# guys...watch out for this scam !



## On a call (Mar 3, 2010)

Warning for Men!

Ladies, PLEASE tell your boyfriends or husbands to be careful!

BE CAREFUL OUT THERE!

Clever Scam . . . warn your friends!!
This is very serious stuff!

Women often receive warnings about protecting themselves at the mall and in dark parking lots, etc. This is the first warning I have seen for men. I wanted to pass it on in case you haven't heard about it. This will only become more commonplace as the holidays get closer. This is a "heads up" for those men who may be regular Lowe's, Home Depot,

Wal-Mart, Target, or Sam's Club customers. This one caught me by surprise.

Over the last couple weeks I became a victim of a clever scam while out shopping. Simply going out to get some simple Christmas gifts has turned out to be quite traumatic. Don't be naive enough to think it couldn't happen to you or your friends.
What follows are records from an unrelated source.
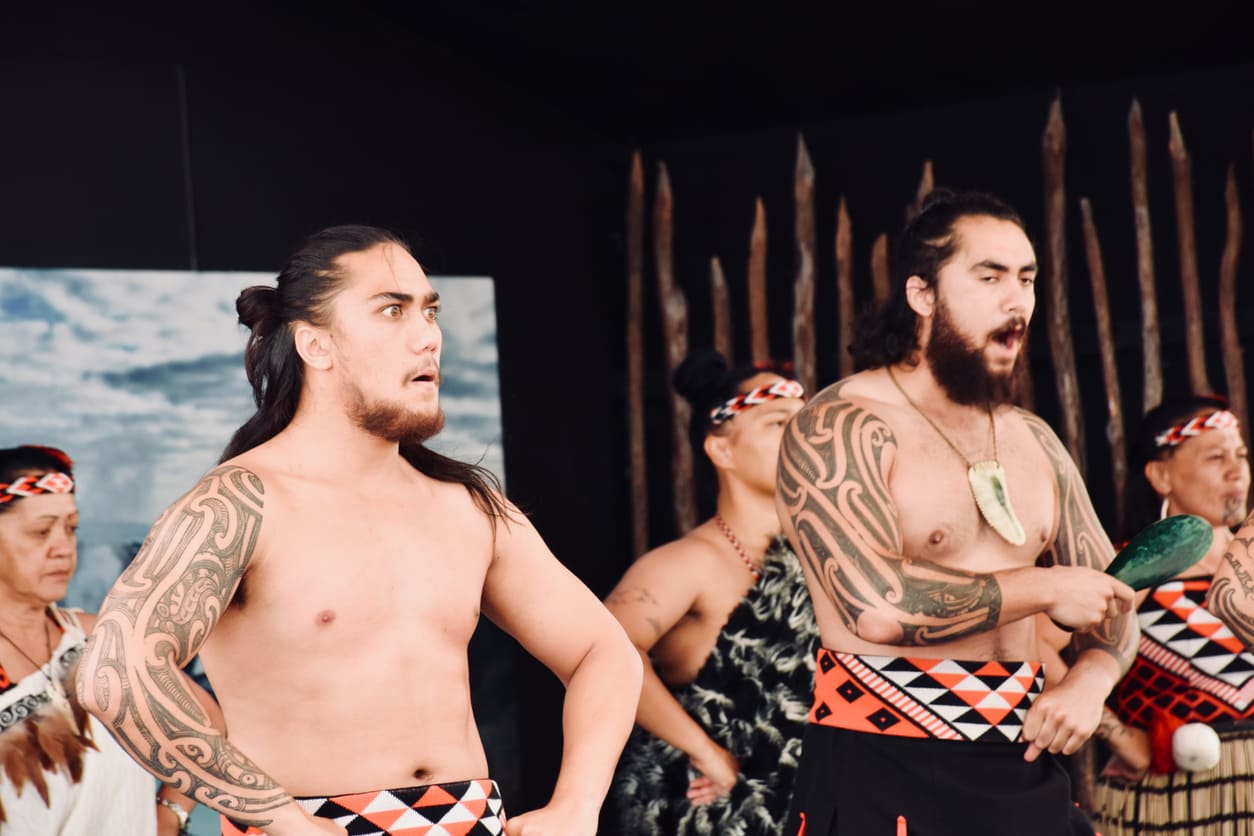 A dynamic group of Māori performers captivating the crowd with a traditional kapa haka during Waitangi Day celebrations.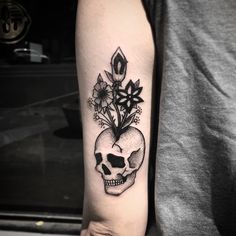 a skull with flowers on it's arm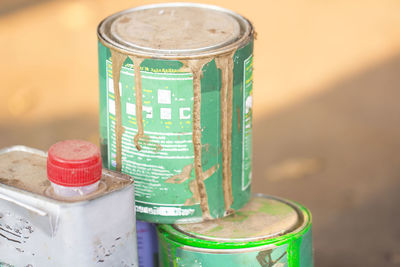 Close-up of stacked paint cans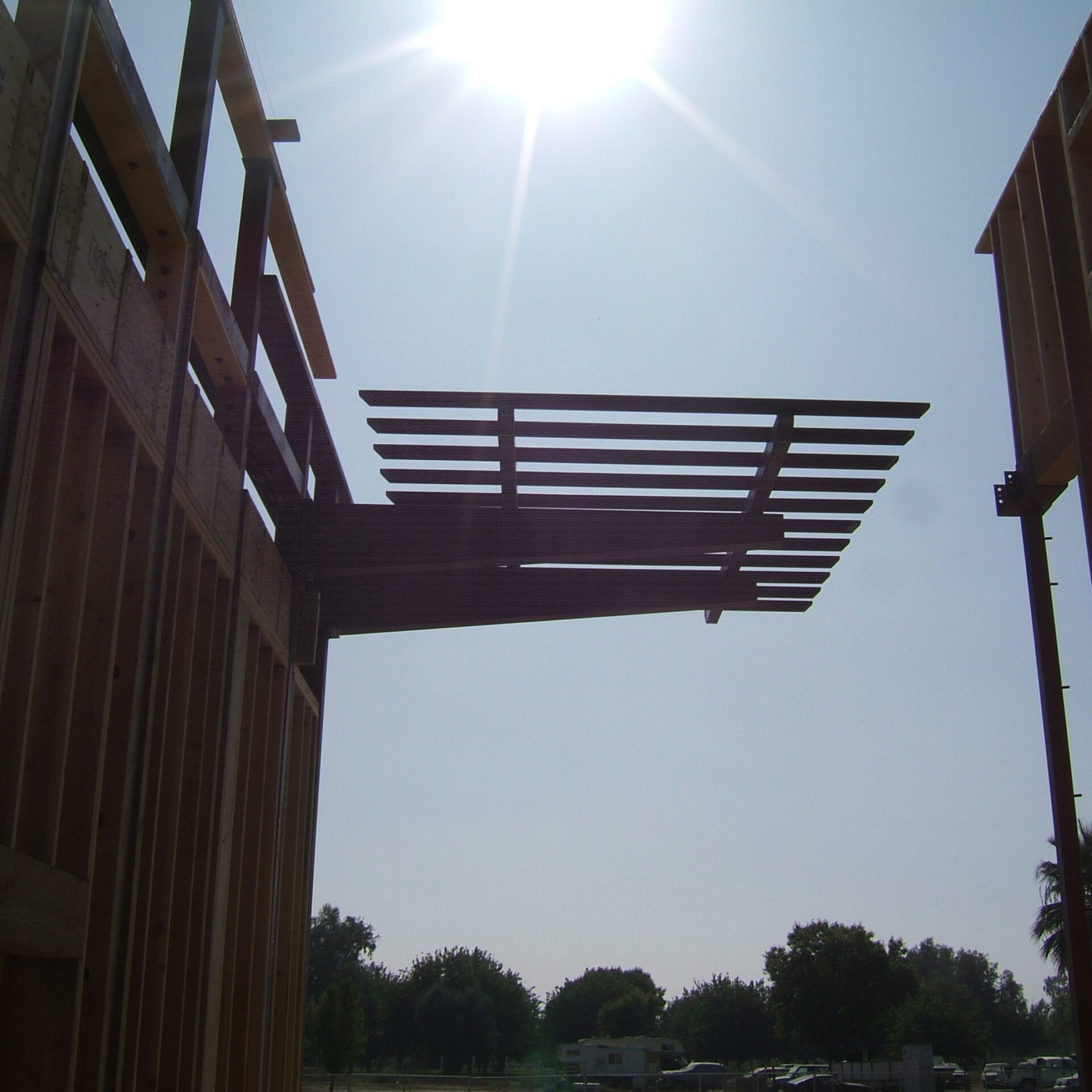 A photo of a building under construction, showing a wooden frame against a bright blue sky. The sun is shining brightly, and there are trees and other vehicles in the background.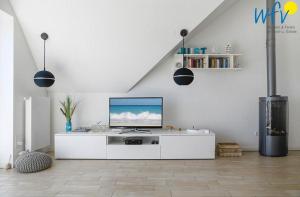 uma sala de estar branca com uma televisão numa parede branca em Haus Kiek in't Watt- Ferienwohnung Quartier 7 Ost em Juist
Here's how the scam works:

Two seriously good-looking 20-something girls come over to your car dressed as Santa's Helpers as you are packing your shopping into the trunk. They both start helping you pack your stuff into your vehicle. What catches your eye is the very short bright Red Santa helper miniskirts they are wearing and the tight fitting Deep "V" neck red top shirt with their breasts almost falling out.
It is impossible not to look.

When you thank them and offer them a tip, they say "No" and instead ask you for a ride to McDonalds to get some hot cocoa and a snack.

You agree and they get into the back seat. On the way, they start undressing. Then one of them climbs over into the front seat and starts crawling all over you, while the other one steals your wallet. I had my wallet stolen Nov 24th, 26th, 28th, 29th, 30th, twice on Dec.1st, 2nd and 3rd, and very likely again this upcoming weekend.
So tell your friends to be careful!! What a horrible way to take advantage of men during this holiday season. Warn your friends to be vigilant. These girls will not give up; they have proven it over and over again with me.

(By the way, Target has wallets on sale for $2.99 each. I found cheaper ones at Wal-Mart for $1.99 and bought them out. Also, you will never get to eat at McDonald's. I've already lost 14 pounds justrunning back and forth to Lowe's, Home Depot, Sam's Club, Wal-Mart, and Target.)

So please, send this along to all the older men that you know, and warn them to be on the lookout for this scam.

PS: (The best times are just before lunch and around 4:30 in the
afternoon.)

Brian


----------



## bones44 (Jan 7, 2011)

That's great Brian !


----------



## Mattuk (Oct 16, 2010)

Yeah good one Brain.


----------



## youngdon (Mar 10, 2010)

Now that was funny.


----------



## bgfireguy (Apr 12, 2011)

Well lucky for me I live outside of your shopping zone and was able to find wallets an sale in the kids section for .87c so I stocked up.


----------



## 220swift (Mar 2, 2011)

I've been to 7 Target stores and haven't been scammed yet. Need more info??????????


----------



## sos1inmesa (May 11, 2011)

HAHAHA!!!!!!!!!!!!!!!!!!!!!!


----------



## Yooperman (Dec 10, 2011)

Wow!! Thats a good one. lol

yoop


----------



## destructive_mechanic (Jul 22, 2011)

Hahahaha, what city is that Lowes in???


----------



## bar-d (Feb 3, 2010)

I don't care who you are, that's funny right there.


----------